Anastasia joined Coub in February 2014. Born in Siberia, she lives in Moscow and has been working in media and digital for the last 10 years. She began her career as a freelance journalist and interpreter for lifestyle press while studying international economics. In 2010, Anastasia was hired to Vedomosti/Financial Times (Independent Media and Sanoma Magazines) as money crime investigations junior reporter. From there she joined an education startup called Theory and Practice, growing the audience there in one year from 500 to 30,000 unique users a day. After T&P was sold, she worked as a Chief Copywriter for the branding agency Winter in Moscow and re-launched the web presence of Andy Warhol's Interview Magazine in Russia.
How has your life experience made you the leader you are today?

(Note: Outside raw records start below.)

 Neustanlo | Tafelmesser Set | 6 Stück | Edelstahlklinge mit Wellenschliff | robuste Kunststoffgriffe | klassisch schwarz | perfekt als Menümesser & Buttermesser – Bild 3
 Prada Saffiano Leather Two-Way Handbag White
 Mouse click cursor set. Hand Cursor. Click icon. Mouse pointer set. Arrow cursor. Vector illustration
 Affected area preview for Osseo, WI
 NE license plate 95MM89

You know what's funny? I have no idea. I started working when I was 16. And it took me some time to start saying no to any job that implies day-to-day work with assholes and idiots-- pardon my French. And always seize the opportunity to have fun and work with somebody I respect for their achievements or the way they do things. That's the golden rule: never go down the aisle if you feel like it's not going to end well.

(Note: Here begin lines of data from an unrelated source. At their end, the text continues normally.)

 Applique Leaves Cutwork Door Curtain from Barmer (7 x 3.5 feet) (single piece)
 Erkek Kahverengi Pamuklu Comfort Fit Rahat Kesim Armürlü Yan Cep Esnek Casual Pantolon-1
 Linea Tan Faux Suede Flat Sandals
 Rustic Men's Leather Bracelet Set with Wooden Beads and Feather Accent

How has your previous employment experience aided your position at Coub?
I used to work as a capoeira coach for a while, where I learned how to persuade people to do what I want them to do. And things I ask nowadays are usually much easier than a centre split.
But jokes aside, I don't believe in the idea of a traditional career path. My gigs have included being a journalist, interpreter, copywriter in a small branding agency, and launching a couple of digital media projects as editor-in-chief. I got my Masters degree in International Relations and World Economy. Whatever you do, it all supplements your experience, and one day you realize it's all useful, even though sometimes the bigger picture is a little funny looking.

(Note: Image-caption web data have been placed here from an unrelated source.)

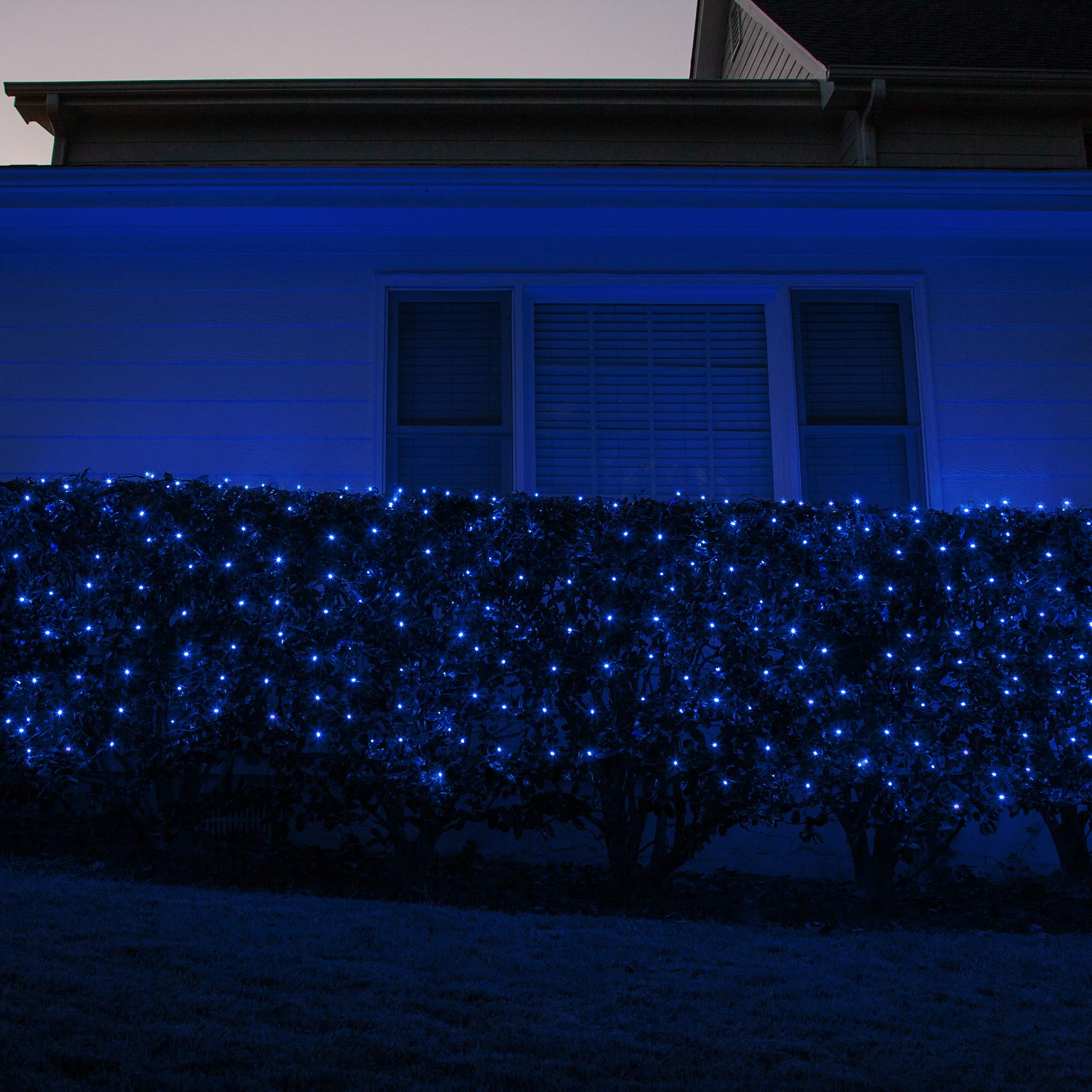 Blue Christmas Net Lights - 4’x6’ Outdoor Warm White LED Net Lights with 150 Lights on Green Wire for Holiday Decorations | Perfect for Trees, Bushes, and House Exteriors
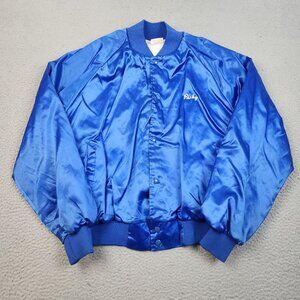 VTG Satin Bomber Jacket Extra Large Lined Blue Snap 90s USA‎ River City Dancers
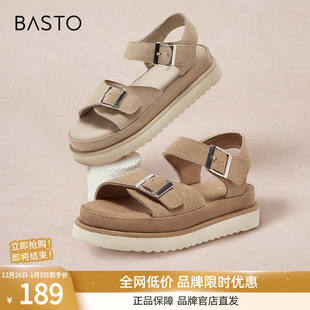 厚底女沙滩凉鞋 百思图夏季 复古运动休闲凉鞋 时尚 BM019BL4 新款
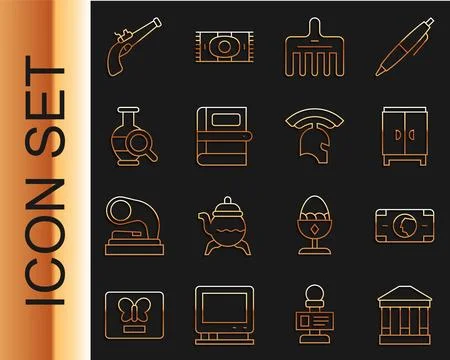 Set line Museum building, Stacks paper money cash, Wardrobe, Hairbrush, Boo.. Ilustración de archivo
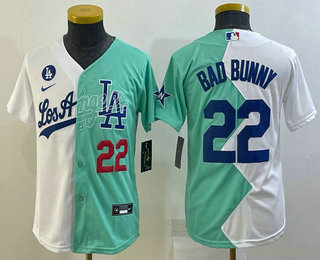 Youth Los Angeles Dodgers #22 Bad Bunny White Green Two Tone 2022 Celebrity Softball Game Cool Base Jersey 02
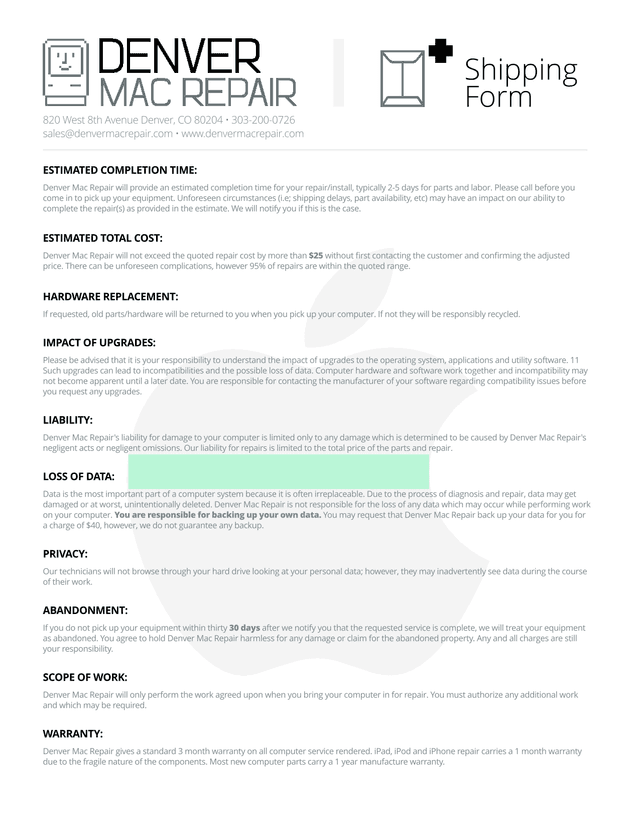 Denver Mac Repair Service Agreement screenshot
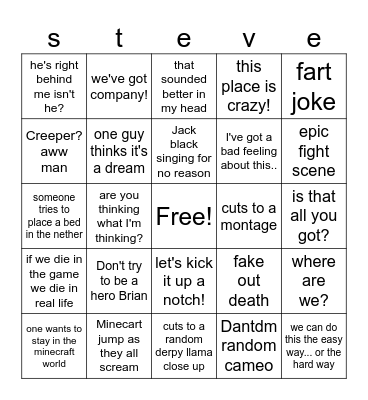 MINECRAFT MOVIE BINGO Card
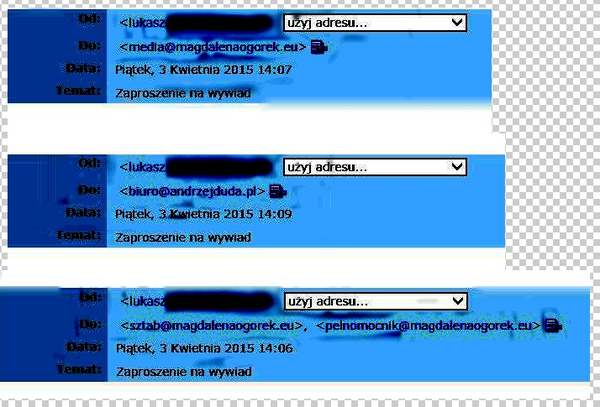 Rzekomo "zmodyfikowane" pola adresów maili, skierowanych do kandydatów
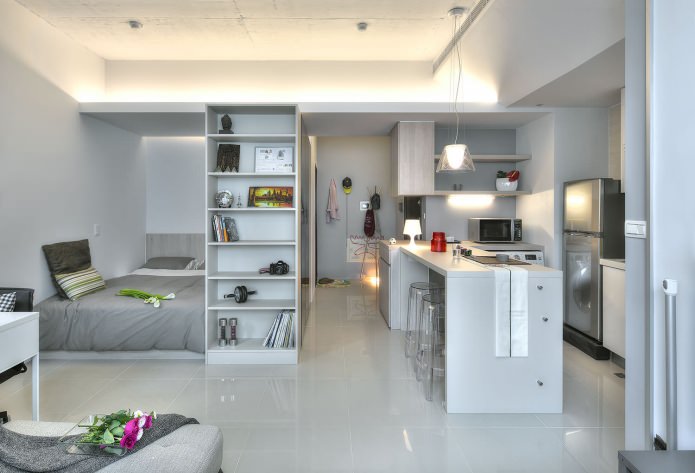 interior design of a studio apartment 32 sq. m.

What have the highlights and challenges been during your tenure at Coub?
For me personally, challenges and highlights are the same things, to be honest. I'd say my accomplishments would be the undertaking of a huge development, a fast changing product that needs showcasing because the product isn't necessarily easy to explain in plain words.
Continuing to push our consistent growth is the biggest challenge. 50 million people watch us monthly. That's scary, but it's also so exciting.
What advice can you offer women who are looking to enter the tech and business world?
I presume that for the next couple of decades programmers will continue being the rock stars of the tech industry. If you feel like you're up for the challenge, don't be shy, go code. If you don't code, don't hesitate to enter the tech industry as there are still many other fields you can work in such as communications and sales.
How do you maintain a work/life balance?
Many of my friends also work either in media or tech, and I'm not sure yet if it's a good or a bad thing. The past evening my boyfriend and I were talking about the essence and key ingredients of media virality instead of watching a TV series, for instance. I like it though. I'm not a very organized person, but I make sure to find time to play sports, go for a drink, a walk, check out a museum. The only thing that I wish I had more time for is books. I don't read half as much, as I used to 10 years ago. Now I read email.
What do you think is the biggest issue for women in the workplace?
Personally, I haven't experienced any; where I worked gender never mattered. Age did however. Sometimes people are scared if you're too young, they fear you won't be able to make executive decisions and are not responsible enough. Luckily I seem to have grown beyond that.
How has mentorship made a difference in your professional and personal life?
I believe a good mentor never actually mentors you, he or she just acts in some particular way that makes you want to learn from them. So I'm not sure how exactly some people influenced me. My former editor Irina Reznik (Vedomosti-Financial Times) sort of played that role, having taught me how to fish out information from someone who wasn't necessarily eager to share it. My parents showed me how to stay cool when everything is rapidly going to hell. My boxing coach explained how to wait and strike back. All of these various lessons have proven useful.
Which other female leaders do you admire and why?
Ada Lovelace, first programmer in the world. Friends with Michael Faraday and Charles Dickens, she created the first algorithm to be carried out by a machine. Ada was also a visionary, being the first (and at that time -- only) person asking questions about the analytical capability of the computers, i.e. the capability to go beyond simple calculation. She rocked, really. If I have a daughter, I'll name her Ada.
What do you want Coub to accomplish in the next year?
Twice as big an audience, brand awareness worldwide. I also want Coub to be used by journalists, creative professionals, school kids, students, models, designers, -- everybody!